Bez paniki, proszę. Nie musi to wcale oznaczać końca długiej przygody.
Bez paniki, proszę. Nie musi to wcale oznaczać końca długiej przygody.
Prawo handlowe przeciwdziała zaklepywaniu znaków handlowych "na czarną godzinę", zmuszając ich posiadaczy do udowadniania co jakiś czas, że faktycznie są w celach komercyjnych wykorzystywane. Sony najwyraźniej albo o tym obowiązku zapomniało, albo nie miało, czym się Biuru Patentowemu pochwalić. Efekt - koncern stracił prawa do znaku handlowego The Last Guardian. Zobaczcie sami na stronie urzędu lub obrazku poniżej.
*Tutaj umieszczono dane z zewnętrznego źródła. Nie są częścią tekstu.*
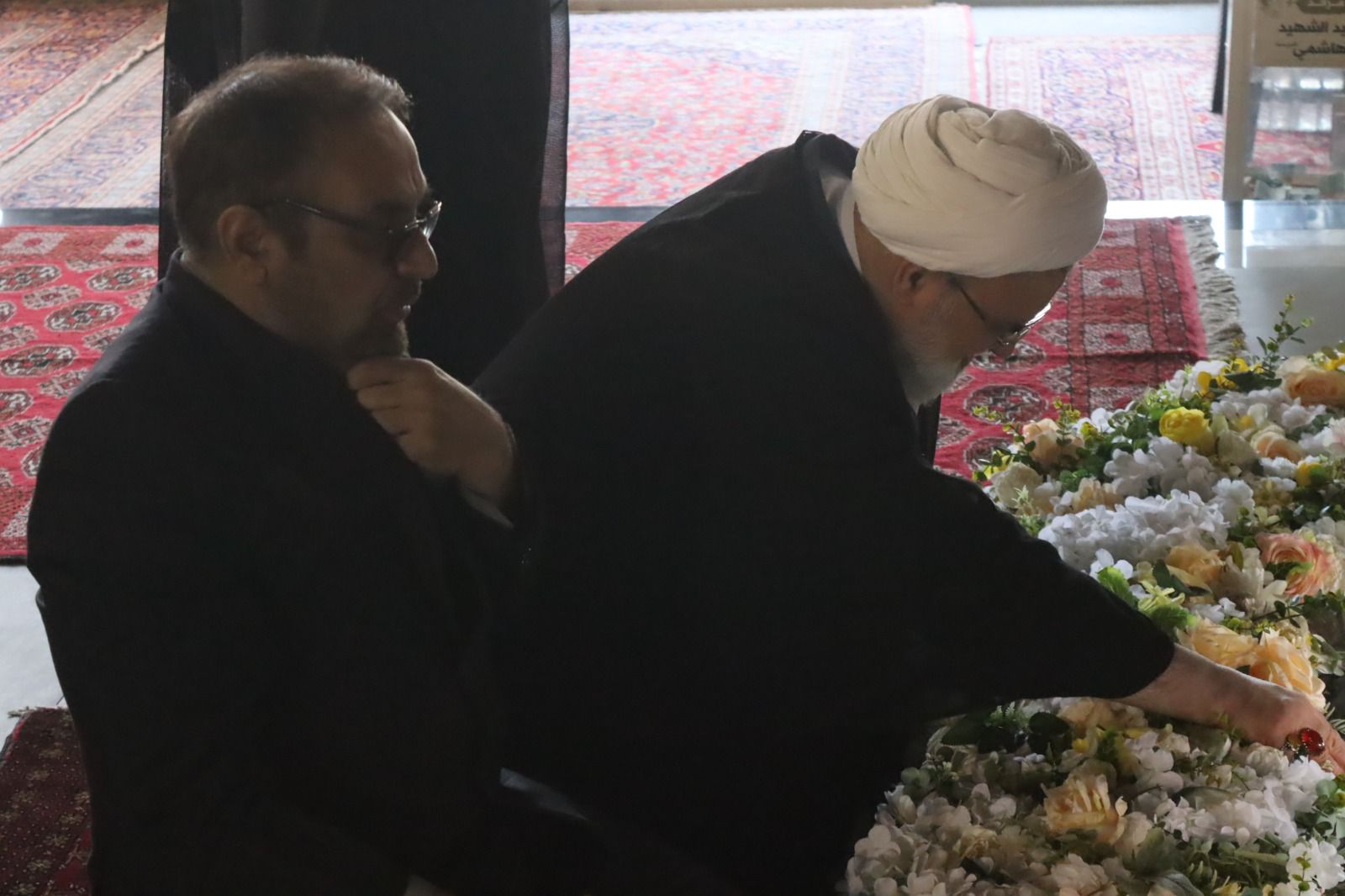 وفد من الحوزة العلمية في قم المقدسة يزور ضريح السيد الهاشمي في دير قانون النهر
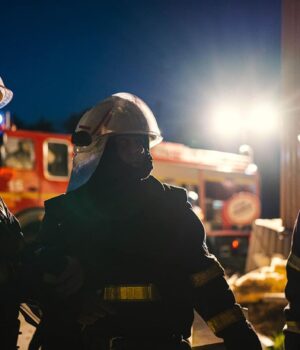 Комбінований удар по Київщині: пошкоджені гуртожиток, будинки, є жертви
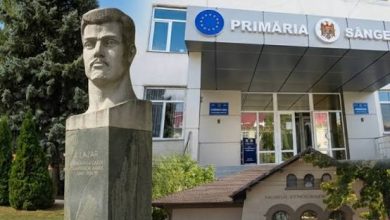 Photo of video | „Nu ne reprezintă”. Bustul lui Serghei Lazo, mutat din centrul Sângereiului. În locul lui, un erou al războiului de pe Nistru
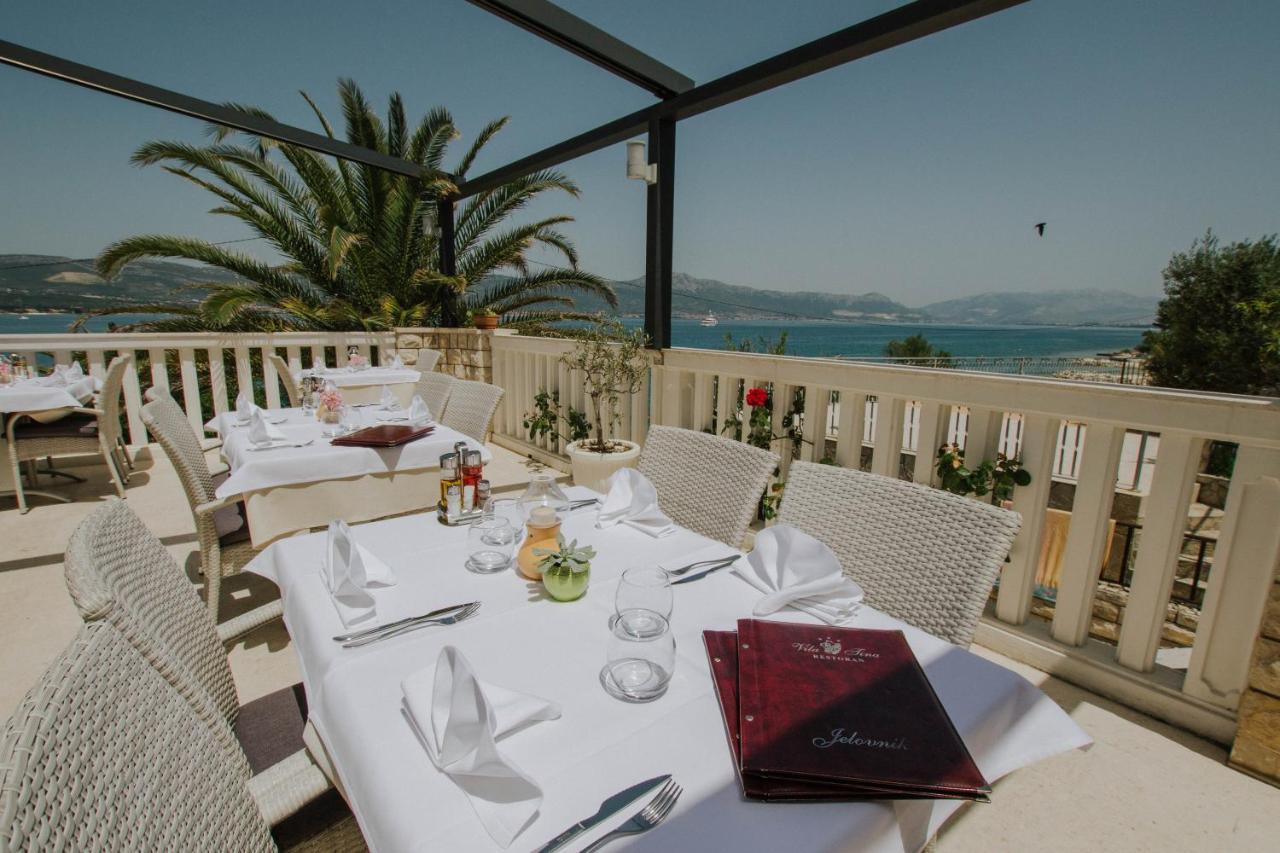Hotel Vila Tina Arbanija Екстер'єр фото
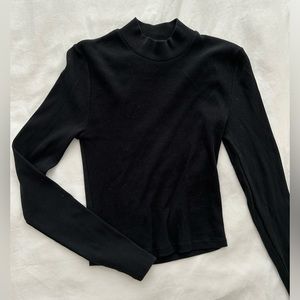 Abercrombie mock neck crop top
Czyli, co - wyczekiwany od lat The Last Guardian umarł po cichu? Wątpię. Po pierwsze, Sony już raz prawa do tej nazwy straciło. Koncern miał wówczas miesiąc na złożenie stosownego podania, by Ostatni Stróż wrócił w prawowite ręce. Wielce prawdopodobne, ze teraz też mogą się na podobny przepis powołać.
Druga opcja to plan przemianowania gry. Osobiście jej nie kupuję. Nazwa The Last Guardian niesie ze sobą ogromny, nie zawsze pozytywny bagaż, ale nie wierzę, by Sony porzuciło tak rozpalającą graczy każdym występem zbitkę słów.
Jasne, nie można na pewno wykluczyć, że pozbycie się znaku to ostateczne odcięcie respiratora od The Last Guardian. Shuhei Yoshida nie wygląda jednak na kłamczucha. Wierzę mu, gdy mówi, że gra wychodzi na prostą.